Sus mujeres –no podía ser de otra manera- también son deliberadas, no son cualquier cosa, pueden con casi todo y con casi nada, trascienden las convenciones rancias de los estereotipos de mujer y las manidas distinciones del arte de género. Marta Blasco –y su arte- son contradictorios a conciencia y buscan, en la contradicción, el análisis y la sorpresa, el interrogante y su respuesta. Sus mujeres juegan a ser lo evidente para sacar de quicio a muchos y a muchas, son objeto de deseo, atractivas y enigmáticas, envidiadas, amadas y odiadas, carnales, sexuales e inteligentes, tan accesibles como intangibles, se mueven en coordenadas de fatalidad y de peligro, de imposibilidad y de obsesión, de belleza, de enfermedad y de locura. Su ambigüedad emana directamente de las sombras de la plancha y de sus propios puntos de luz, de ese claroscuro extraordinario que también colmó de ambigüedad los autorretratos de Caravaggio, o de aquel joven Rembrandt, o de esa Judith reinterpretada por nuestra artista, una mujer de belleza andrógina, una heroína refugiada en la noche y a punto de amar, de morir o de matar.

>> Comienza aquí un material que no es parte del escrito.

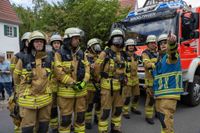 Die Hauptübung der Sindelfinger Feuerwehr bestand aus mehreren Teilen: Erst zeigten sie mit historischen Löscheinheiten, wie früher das Feuer bekämpft wurde - anschließend retteten sie aus dem Maichinger Bürgerhaus Personen über tragbare Leitern und Drehleiter.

Fue precisamente el simbolismo romántico el que sublimó todos estos conceptos para inferirlos en su propio ideal, una suerte de mujer fatal mezcla de inocencia y perdición que anhelaba, a veces sin saberlo, tanto su propia destrucción como la del amante no siempre amado o la del amado no siempre amante. Dalilas, Salomés, Ofelias, Judiths, Eurídices y Desdémonas, configuran una extraña combinación entre la traición, la candidez, la tragedia, el desamor y la intangibilidad, mientras colman el imaginario romántico de enconados odios y apasionados amores. Mientras, las mujeres araña de la artista, tejen minuciosamente su tela sobre una puerta que todavía no hemos abierto, que no sabemos a donde lleva, ni tan siquiera si va a alguna parte, da igual, el intento seguro que merecerá la pena porque sólo los genuinos viajeros del tiempo, los tocados por la gracia como Marta Blasco, pueden enseñarnos como llegar al Aleph, a ese punto desde donde todo se sabe, a ese lugar desde donde todo se ve.